Slashdot Mirror

← Back to Stories (view on slashdot.org)

GGF and Grid Security

Posted by Hemos on from the watching-the-machines-that-watch-us dept.

An anonymous reader writes "Things are changing fast in the grid community. Our communication networks connect millions of systems and billions of individuals on the planet. These myriad systems, and the data they contain, present juicy targets for those who want to steal, damage, corrupt, or otherwise gain unlawful access to those systems."

7 of 82 comments (clear)

  1. physical security by Anonymous Coward · · Score: 1, Interesting

    didn't an ISP in NY or something have a room compromised, and 3 T1/T3 cards or something stolen?

  2. What is the grid community? by Bobdoer · · Score: 3, Interesting

    What exactly are they, and why is breaking into their systems any worse that breaking into a normal system?

    --
    EVERYDAY IS CATURDAY
  3. Security challenges with grid computing by drkhwk82 · · Score: 5, Interesting

    First there are resource allocation problems. The OS has to provide a sandbox with strict limits on all resources: memory, filesystem, and networking, as well as CPU time. It's fine with me if the "background compute demon" takes 25% of my processor but I don't want to take more than 10% of my memory.

    Then there's the security issue.

    But I see another problem which is even harder to solve: the tragedy of the commons. Consider a university campus, and suppose that anyone on campus can submit jobs to the Campus Grid. You come in the next morning and see that there are 10000 jobs in your grid queue, and 9800 of them are encoding random people's MP3's.

    The problem is that if you give free resources to a large anonymous community, it takes only a few of those people to suck up all the resources. So you need some way of identifying everyone who submits a job, and some way of charging for the jobs.

    1. Re:Security challenges with grid computing by acshelp · · Score: 2, Interesting

      sounds like a job for the Slashdot Karma System. Mod up interesting projects and give them prescenence over less modded ones. Hilarity ensues

  4. HIPPA security by StacyWebb · · Score: 2, Interesting

    The government has actually taken a proactive role in network security with the implementation of the HIPPA act. This has been a blessing in disguise for network admins who have stessed security on their local grids. This act put into law guidelines for securing electronic transmission patient information. Going more indepth with how the information is actually retained within the system (not just the output). For the network admins this act also gave them the flexibility for instating secuity measures that the management may have deemed not revelant earlier.

    --
    A bunch of Tech Stuff
  5. Re:Social Engineering? by JimboOmega · · Score: 5, Interesting

    Well, there's two ways to look at this:

    I have found that almost every place I've worked, bypassing security is a joke. I mean, think about it. How many times have people "swiped you in", or what have you, when you forgot your badge? Even without really knowing you? And if you should have a fake badge that just "isn't working", you're in like Flynn. For me, the only exception was where they kept actual classified data. It would take some amount of serious spying (e.g., returning on multiple days, shoulder surfing, maybe even key swiping) to get in. But the fact is, most people just won't assume that you're doing something evil. So... easy!
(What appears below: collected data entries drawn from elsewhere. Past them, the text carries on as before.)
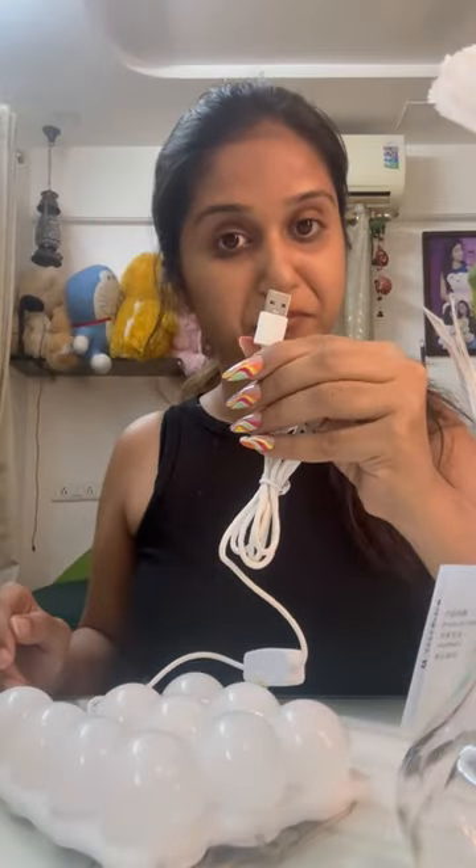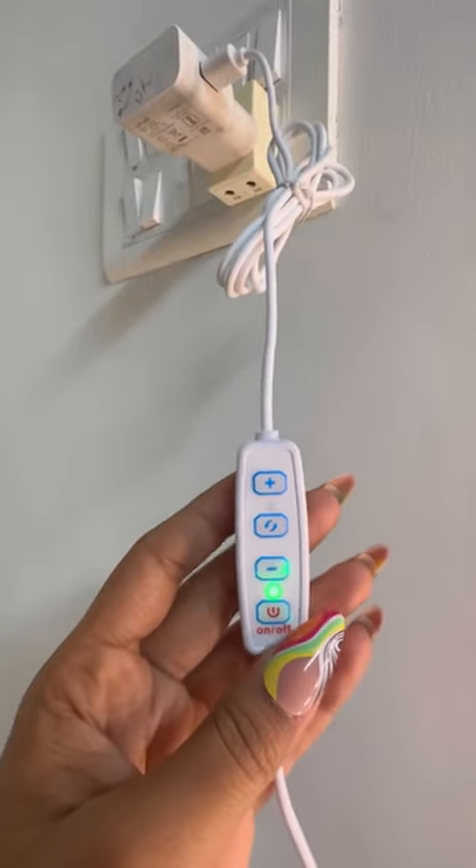Here we have a wire adapter. This wire is very nice and easy to connect. I am using the adapter to connect with the old adapter.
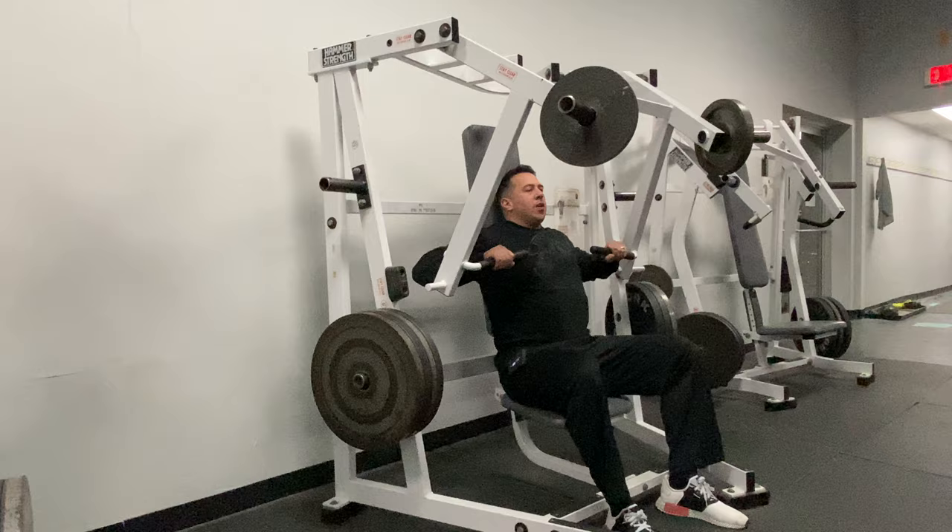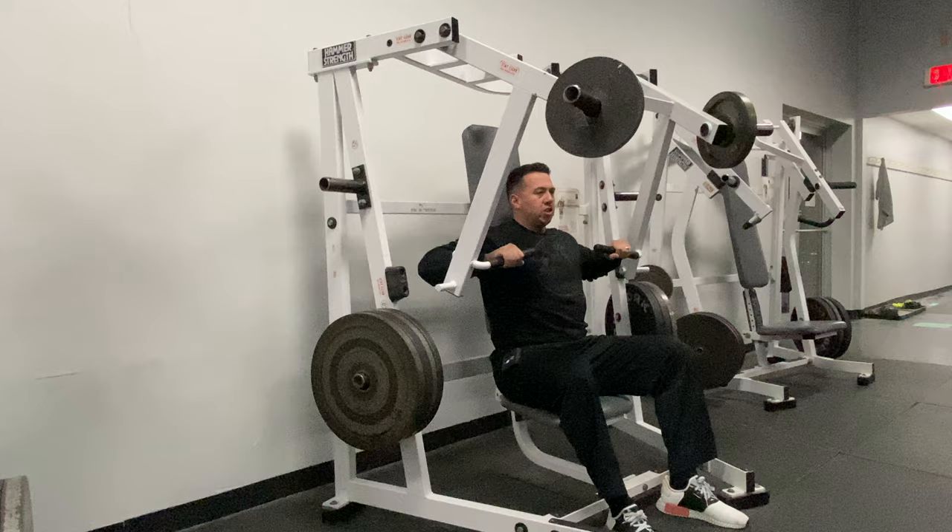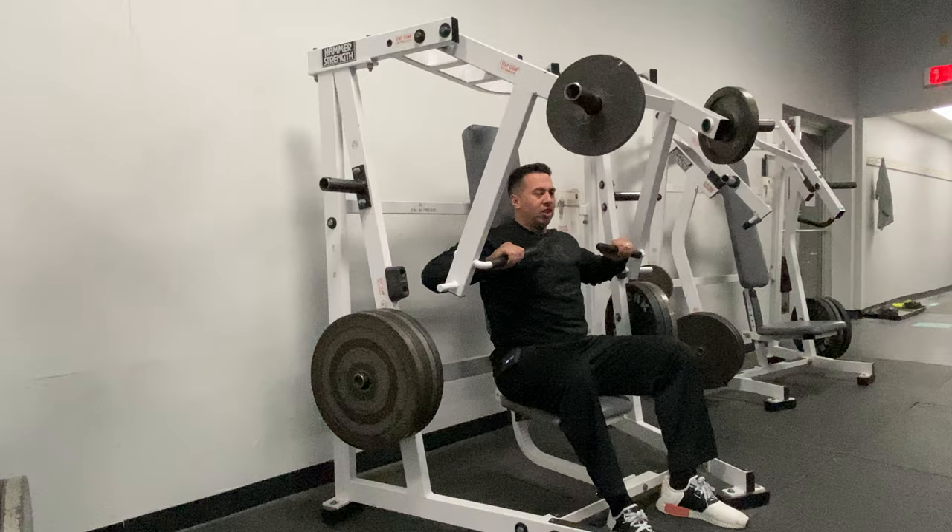All we want to do here is keep our chest up against this pad, try to keep our bottoms back close as well, and just push forward. One tip: as you're pressing forward, make sure you're not flaring your elbows. Always keep your elbows down locked into a nice neutral position — just about the same angle as this handle — and press through.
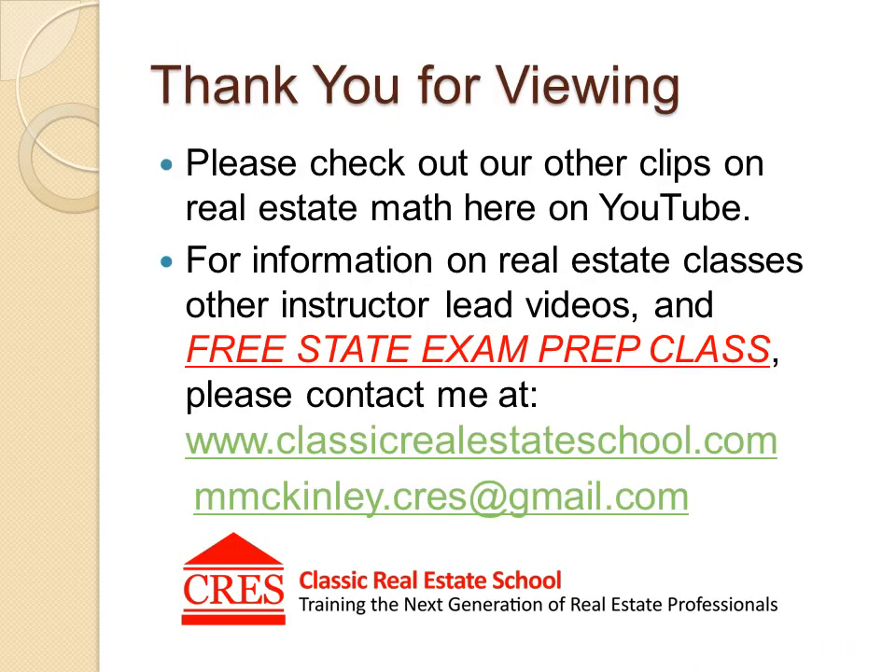Thank you for viewing. Please take time to check out our other clips on real estate math here on YouTube. If you want more information on real estate classes or other instructor-led videos, you can contact me.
Far easier than trying to crack the software and such, if you ask me. And that's as an introverted geek. (on the flip side, I'm also "unassuming"; I don't look like I have a hidden agenda.
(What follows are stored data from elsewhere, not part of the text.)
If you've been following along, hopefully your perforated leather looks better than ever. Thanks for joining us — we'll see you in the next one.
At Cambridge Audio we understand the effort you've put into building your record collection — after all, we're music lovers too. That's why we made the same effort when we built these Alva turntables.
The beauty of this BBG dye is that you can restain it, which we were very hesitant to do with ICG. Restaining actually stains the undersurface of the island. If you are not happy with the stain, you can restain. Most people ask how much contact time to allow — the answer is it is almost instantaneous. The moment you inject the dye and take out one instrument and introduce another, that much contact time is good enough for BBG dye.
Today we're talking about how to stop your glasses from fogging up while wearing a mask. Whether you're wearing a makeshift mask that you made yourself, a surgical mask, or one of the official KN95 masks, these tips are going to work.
    Of course, the other side is that, hey, why don't we use computers to see what remains unseen by people? They're better at spotting "suspicious" behavior anyway. And if people actually were willing to accept that the computer IS right and the policy that so-and-so can't get in without a badge must be enforced... you could have a very secure system.
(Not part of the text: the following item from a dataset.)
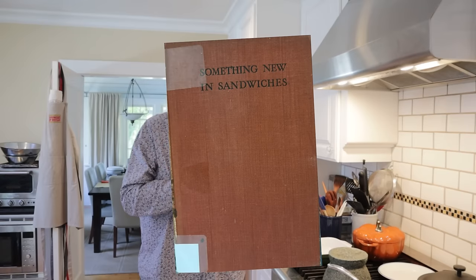Today we are going to be making the Catch of the Season sandwich from Something New in Sandwiches of 1932. It was sent in by Rachel — thank you, Rachel. What's interesting is this book does not have the word sandwich in any of the sandwich names. They're all these sort of esoteric things like Catch of the Season, and that name will make sense for the first part of this sandwich.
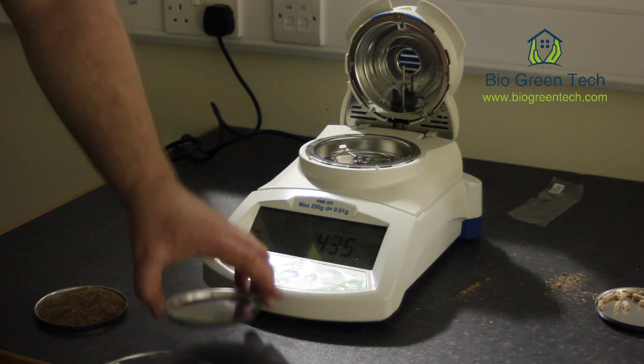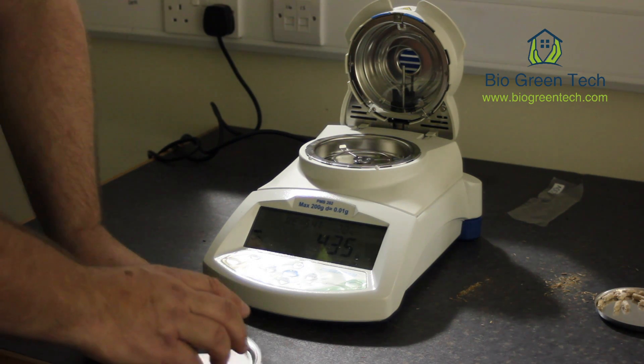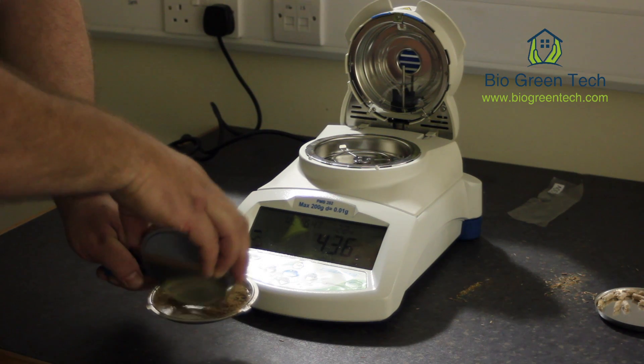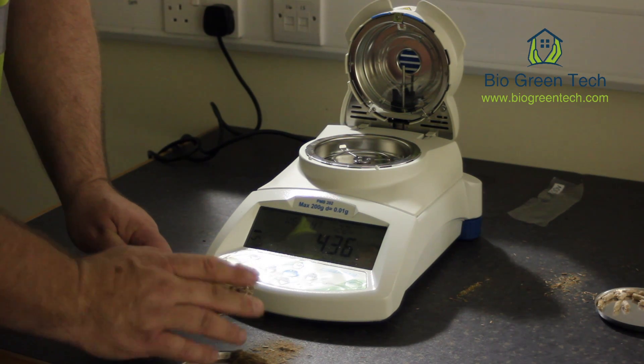That's been weighed now and zeroed, so we're going to put the material into the tray. It doesn't matter how much material we put in because it's going to weigh it again.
    For instance, take protecting classified data. If you're generic spy X, you're gonna want to sit down, and just start copying all that stuff on to the nearest media you can find. That kind of behavior is almost always not what a regular person would do...
    There are all sorts of patterns which can register as suspicious. Most security systems are smart enough to note these things, and alert people who, I would assume, should always be the second check on such a system, because some people are just eccentric.

    (I at one point was designing a security control system, and my boss was always asking me to add such things. It's amazing, but pretty obvious. If somebody needs to get a new password every other day, something is probably wrong. If somebody brand new is supposed to be given full access to every system in the place (happened! Managers just found it easier to check every box!), something is wrong).

    Anyway, that's just my $.02

  6. Plan 9 by Anonymous Coward · · Score: 1, Interesting

    Plan 9 is a great OS to use for gridding and provides extensive security.